→ Records from a data source
* * *

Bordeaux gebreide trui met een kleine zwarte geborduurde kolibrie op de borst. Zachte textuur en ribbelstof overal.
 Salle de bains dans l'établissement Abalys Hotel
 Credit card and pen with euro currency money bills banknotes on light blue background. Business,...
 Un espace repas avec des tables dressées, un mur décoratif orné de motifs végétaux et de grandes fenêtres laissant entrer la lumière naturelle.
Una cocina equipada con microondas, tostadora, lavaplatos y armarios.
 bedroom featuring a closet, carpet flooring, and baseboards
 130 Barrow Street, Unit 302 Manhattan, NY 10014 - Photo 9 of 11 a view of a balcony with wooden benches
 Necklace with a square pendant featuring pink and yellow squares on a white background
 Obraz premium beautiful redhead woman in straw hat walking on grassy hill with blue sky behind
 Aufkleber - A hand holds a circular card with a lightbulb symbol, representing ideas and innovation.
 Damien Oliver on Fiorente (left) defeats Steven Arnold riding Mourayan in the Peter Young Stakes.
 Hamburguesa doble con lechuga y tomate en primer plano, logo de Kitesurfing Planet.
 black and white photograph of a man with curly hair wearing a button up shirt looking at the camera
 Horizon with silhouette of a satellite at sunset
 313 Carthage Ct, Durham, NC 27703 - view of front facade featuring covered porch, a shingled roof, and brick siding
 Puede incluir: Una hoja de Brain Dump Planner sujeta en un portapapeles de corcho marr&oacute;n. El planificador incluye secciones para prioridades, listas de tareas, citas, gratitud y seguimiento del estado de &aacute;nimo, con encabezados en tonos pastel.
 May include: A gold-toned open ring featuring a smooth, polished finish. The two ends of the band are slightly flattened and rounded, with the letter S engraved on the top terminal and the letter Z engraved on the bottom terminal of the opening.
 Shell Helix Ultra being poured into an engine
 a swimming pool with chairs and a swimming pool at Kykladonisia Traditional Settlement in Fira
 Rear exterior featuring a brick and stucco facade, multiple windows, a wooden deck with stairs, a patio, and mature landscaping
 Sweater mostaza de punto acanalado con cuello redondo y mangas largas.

* * *

→ Task description
Your answer must be the line that contains "May include: A" and every line after it to the end of the records, reproduced exactly.

→ Result
 May include: A gold-toned open ring featuring a smooth, polished finish. The two ends of the band are slightly flattened and rounded, with the letter S engraved on the top terminal and the letter Z engraved on the bottom terminal of the opening.
 Shell Helix Ultra being poured into an engine
 a swimming pool with chairs and a swimming pool at Kykladonisia Traditional Settlement in Fira
 Rear exterior featuring a brick and stucco facade, multiple windows, a wooden deck with stairs, a patio, and mature landscaping
 Sweater mostaza de punto acanalado con cuello redondo y mangas largas.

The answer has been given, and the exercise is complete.